Instructions to follow —
Omit all pictures, then retype the data exactly as given.

Data below —

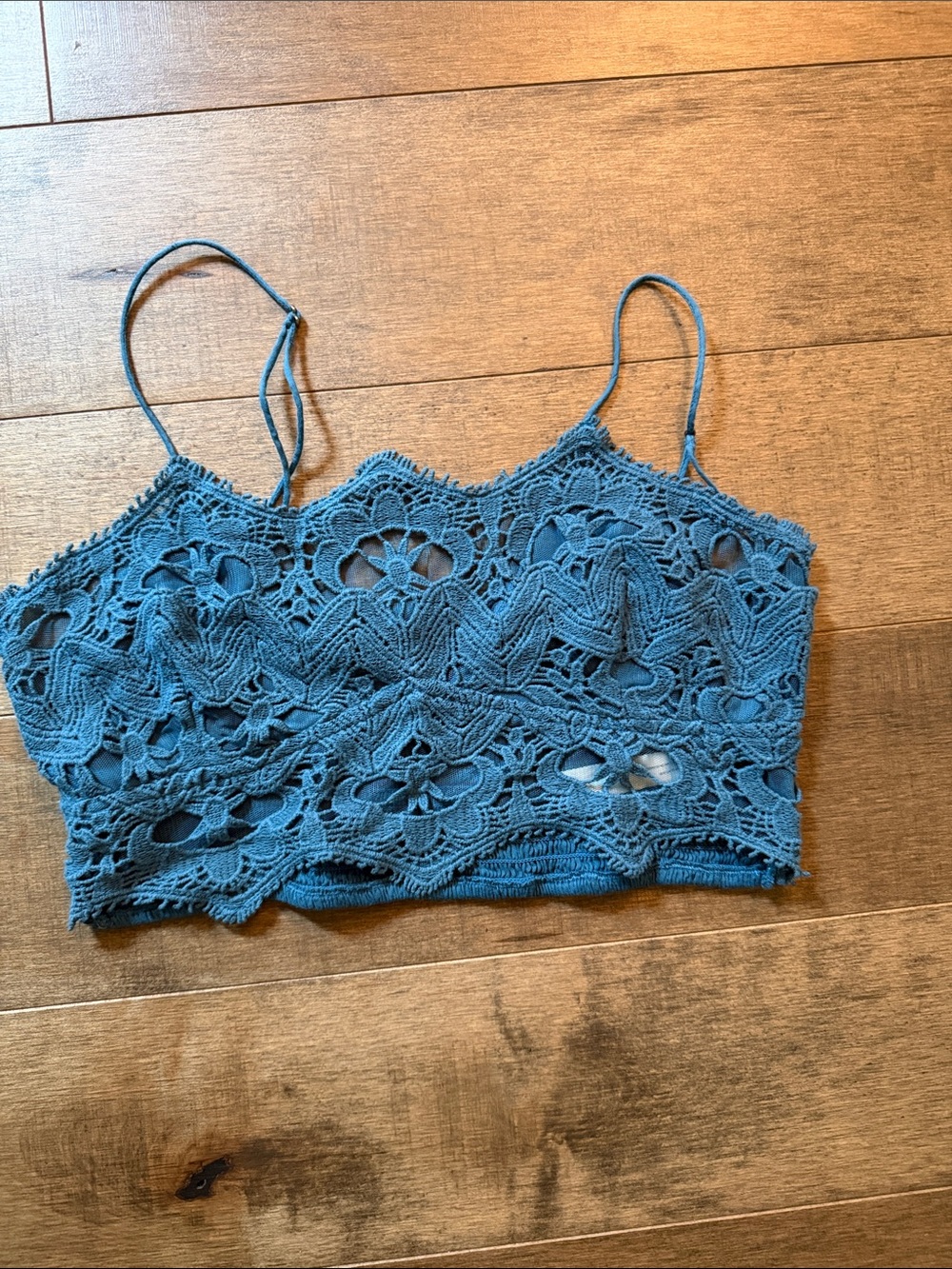 🎉Free People Teal Blue Crochet Lace Cami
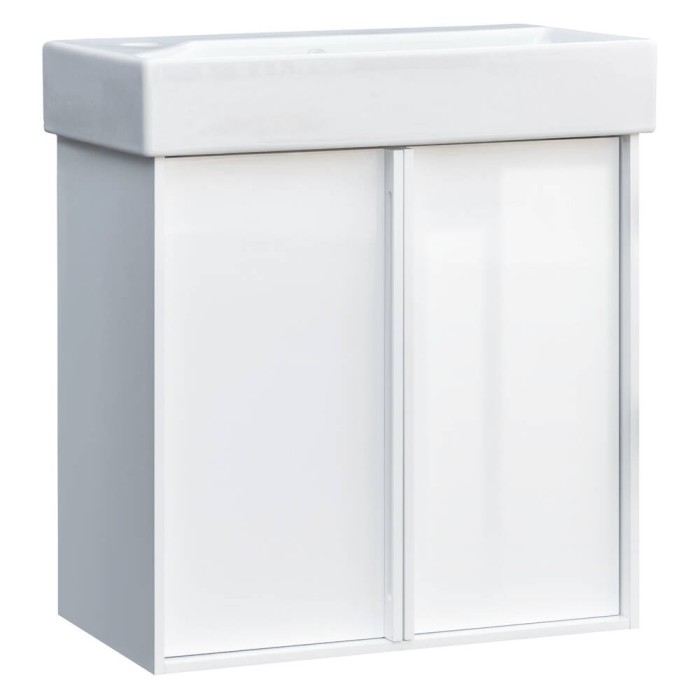 Тумба з раковиною Devit Quadra 83055W, 55 см, біла глянцева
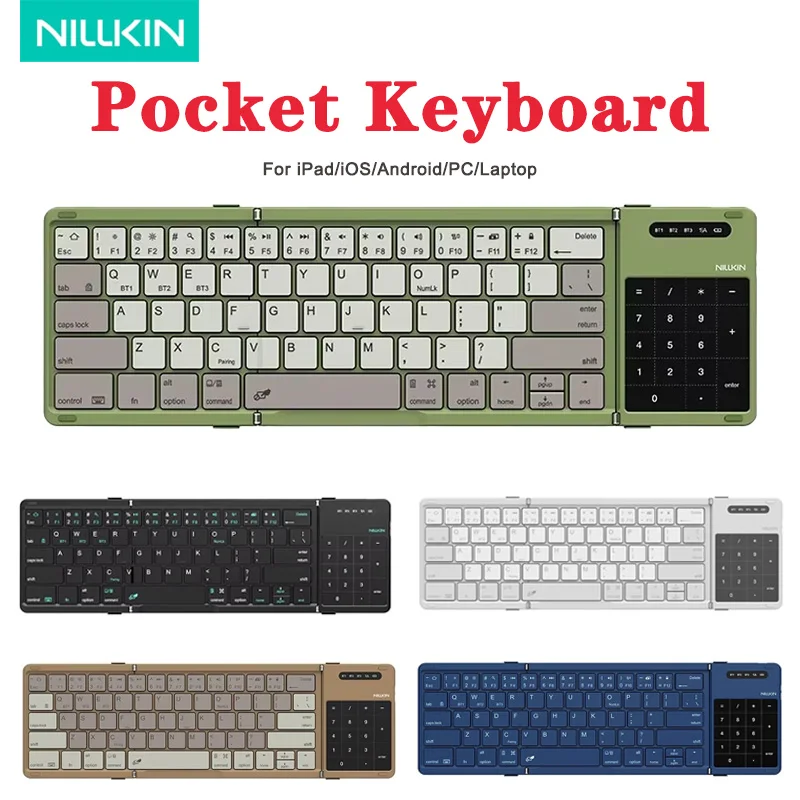 

NILLKIN Cube Складная Bluetooth-клавиатура для iPad/iOS/Android/ПК/ноутбука с сенсорной панелью Портативная беспроводная карманная игровая клавиатура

Task result —
 🎉Free People Teal Blue Crochet Lace Cami
 Тумба з раковиною Devit Quadra 83055W, 55 см, біла глянцева

NILLKIN Cube Складная Bluetooth-клавиатура для iPad/iOS/Android/ПК/ноутбука с сенсорной панелью Портативная беспроводная карманная игровая клавиатура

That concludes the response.